*Record extracts*:
• • • • • • •
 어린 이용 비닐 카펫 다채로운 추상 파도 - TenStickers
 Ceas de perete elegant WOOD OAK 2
• • • • • • •
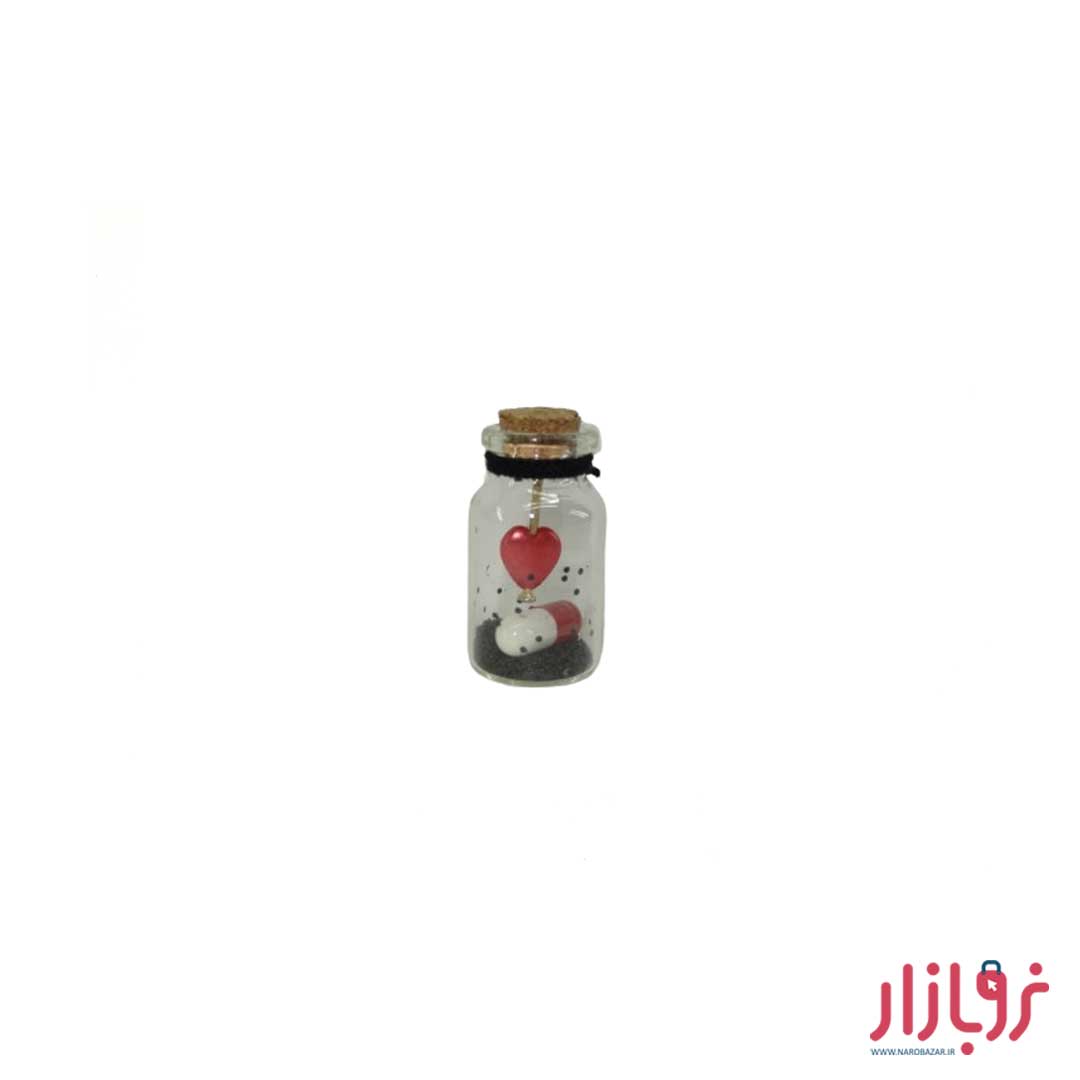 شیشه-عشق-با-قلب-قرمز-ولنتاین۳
• • • • • • •
*Exercise description*:
The lines above from the one containing "어린 이용 비닐 카펫 다채로운 추상 파도 - TenStickers" through the one containing "Ceas de perete elegant WOOD OAK 2" are to be set down exactly, and no others.

*Answer to this exercise*:
 어린 이용 비닐 카펫 다채로운 추상 파도 - TenStickers
 Ceas de perete elegant WOOD OAK 2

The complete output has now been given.